Untuk sepersekian detik, kami sedikit terpaku. Aku tahu, mas Fai tak sengaja menyentuh puncak kepalaku. Dan aku pun tak sengaja mendaratkan wajahku di dadanya.


Dia masih memakai parfum yang sama. Parfum yang pernah ku pilihkan saat aku bersama nya dulu. Ah....mikir apa aku ini???!!!!


Sejalan dengan pemikiran Diandra...


Setelah puluhan purnama, aku baru menyentuh ubun-ubun Diandra lagi, meski ini tanpa kesengajaan. Tapi... perasaan ini sungguh tak bisa di gambarkan. Ya Allah, salah! Ini salah! ini tidak boleh di lanjutkan.

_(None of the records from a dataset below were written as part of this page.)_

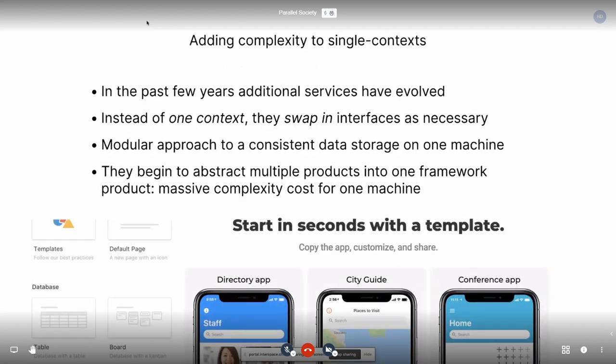In the last few years, we've had some additional services appear that, instead of one context, swap in interfaces as necessary and create a modular approach to having a consistent set of data on one machine by flipping out interfaces. They abstract what is basically multiple products or multiple conceptions of products into a framework product that has a massive complexity cost for one machine and replicates the same issues elsewhere. And if you want to exit this Frankenstein product, you have to add another service on top of it, or you need to just keep extending the Frankenstein machine until it pops.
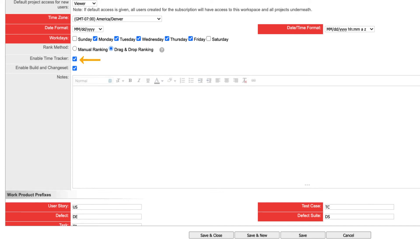You can enable time tracking with the checkbox. Time sheet pages will be available in Rally menus, which can be used to enter and track time data for accounting and billing purposes.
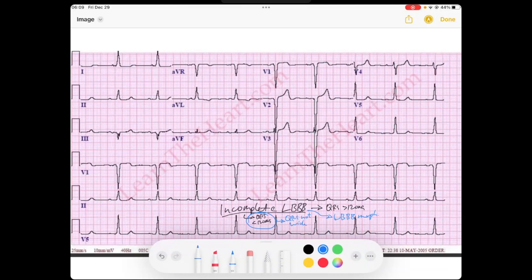If you look at this EKG, we're going to look at just the QRS complexes, because the QRS represents ventricular depolarization. We can see the QRS complexes are not quite greater than three small boxes — they're still about 100 milliseconds — so this is not wide. This is not a complete bundle branch block, but we still see left bundle branch block morphologies.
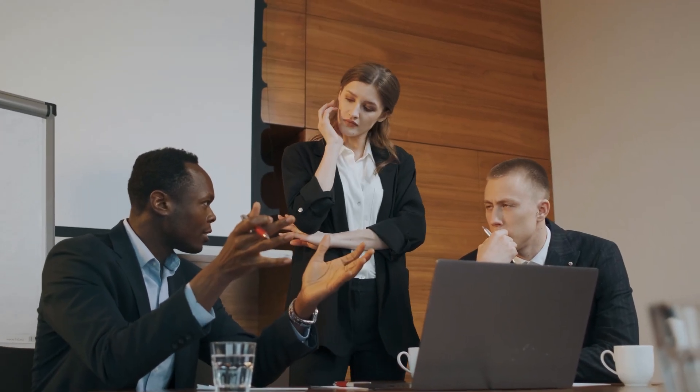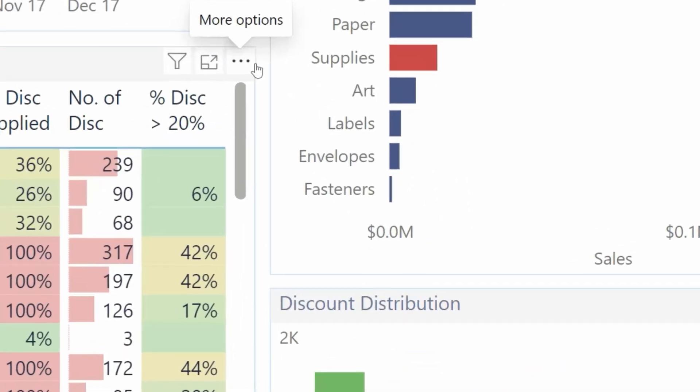You know that feeling where you've spent hours, days, weeks building out something to a stakeholder's requirements, only for them to turn around and say it doesn't look how they wanted and needs to be redone — or even worse, 'That's fine, I'll just export to Excel.' Frustrating, right?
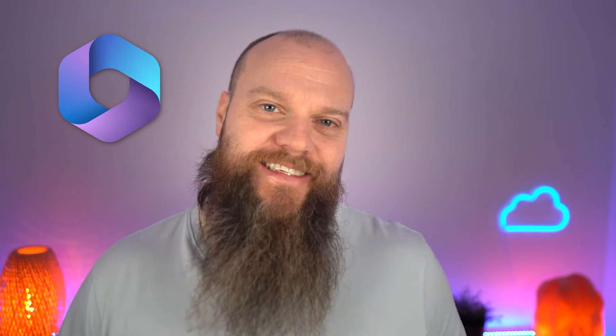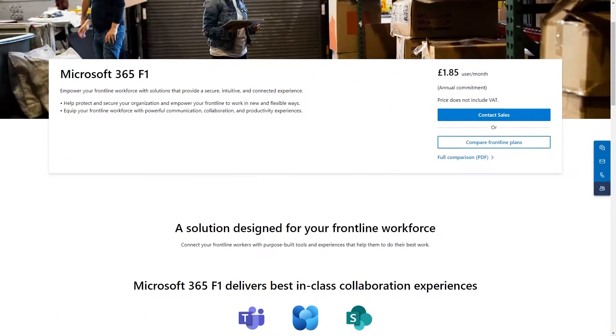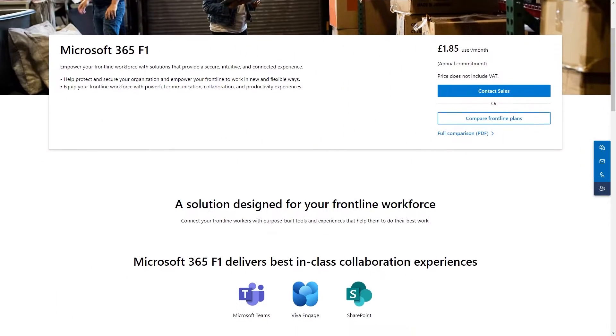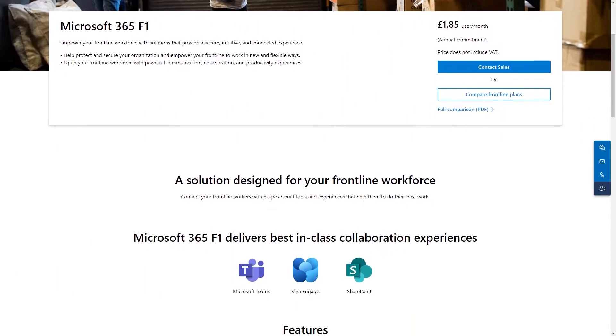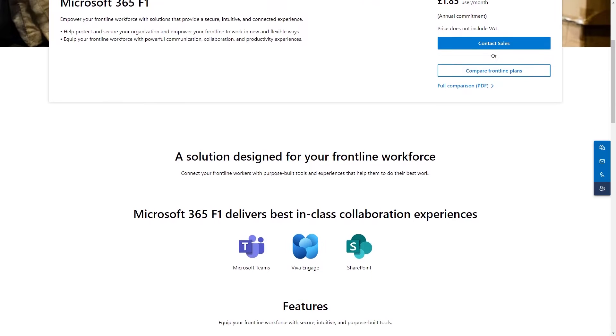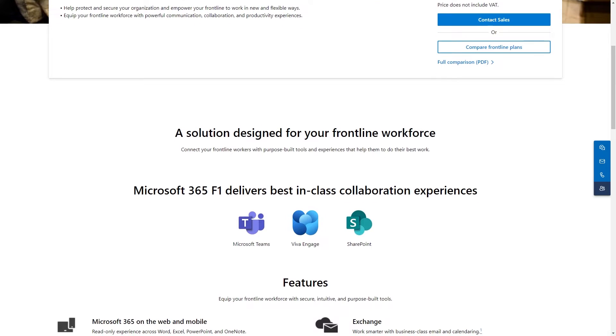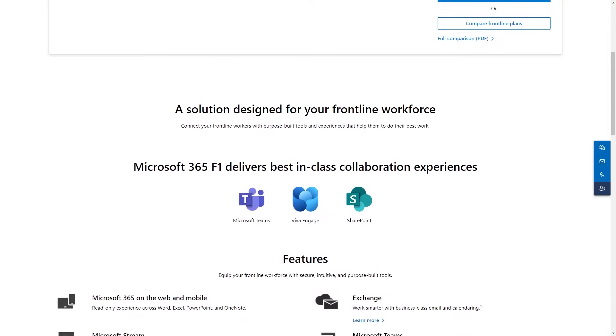In today's video, we're going to talk about the Microsoft 365 F-Range of licenses. Have you heard of them? Not many people have. But by the end of this video, you'll be able to see if the F-Range is suitable for your business.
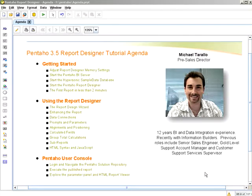Throughout the tutorial, you will also see the Pentaho User Console, and we will explore logging in and navigating the solution repository, as well as executing published reports and exploring the Parameter Panel and HTML Report Viewer.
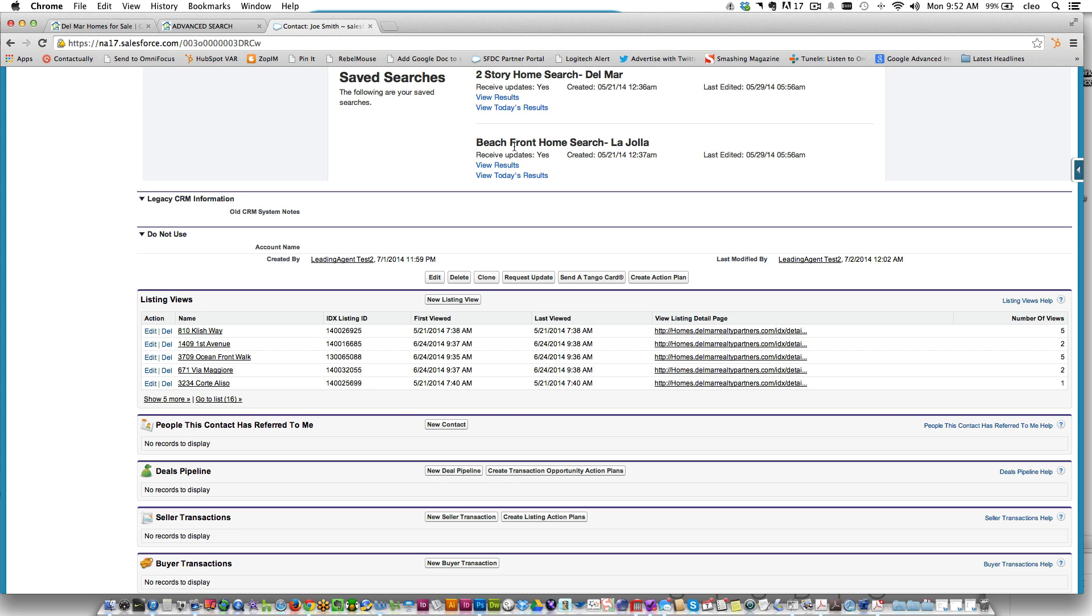Joe will look at those properties and when he clicks on any of the properties in the email it takes him to your website. The reality is that Joe's probably going to continue searching because he's already on your site thinking about homes. What our listing views tracker does is it doesn't just track the homes that Joe was sent—it gives you an itemized list of every single property that Joe has searched for and looked at on your website.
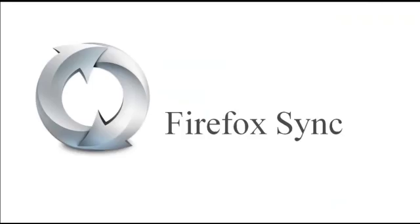From here on out, Sync will keep updating your data periodically to ensure you stay in sync. Make sure to set up Sync on all of your computers.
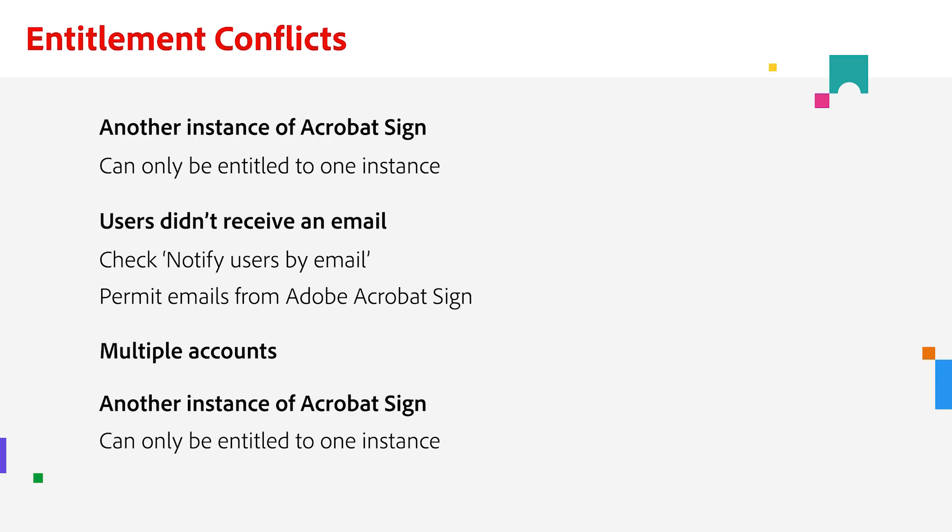That was pretty simple, but I want to go over a few things so you can resolve potential entitlement conflicts. One thing to keep in mind is that each Adobe Acrobat Sign user is identified by a unique email address and can only be identified to one instance at a time.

"Em...maaf Di, papa udah nunggu di ruang rapat", kata Fai memecah kecanggungan.


"Ah, iya. Makasih. Mas Aziz juga udah nunggu di dalam."


Aku pun melangkah kan kaki ku. Tapi Mas Fa'i meraih pergelangan tangan ku.


"Di, mas minta maaf. Mas nggak sengaja!", kata nya lirih.


Aku menarik nafas dalam-dalam.


"Aku tahu tadi nggak sengaja. Tapi...maaf juga, jangan cari kesempatan pegang-pegang tanganku!", kataku.


"Hahahah....iya. Mumpung Aziz nggak liat!"


"Ish....apaan sih?!!"


"Iya maaf....serius maaf!", Fai melepaskan tanganku.


"Hem!'', aku meninggalkannya Fai di depan ruangan ku sampai aku dengar suara pintu di tutup.


Aku pun memasuki ruang rapat, di sana om umar sudah menunggu ku.


Tanpa di sadari, ada sepasang mata yang mengawasi.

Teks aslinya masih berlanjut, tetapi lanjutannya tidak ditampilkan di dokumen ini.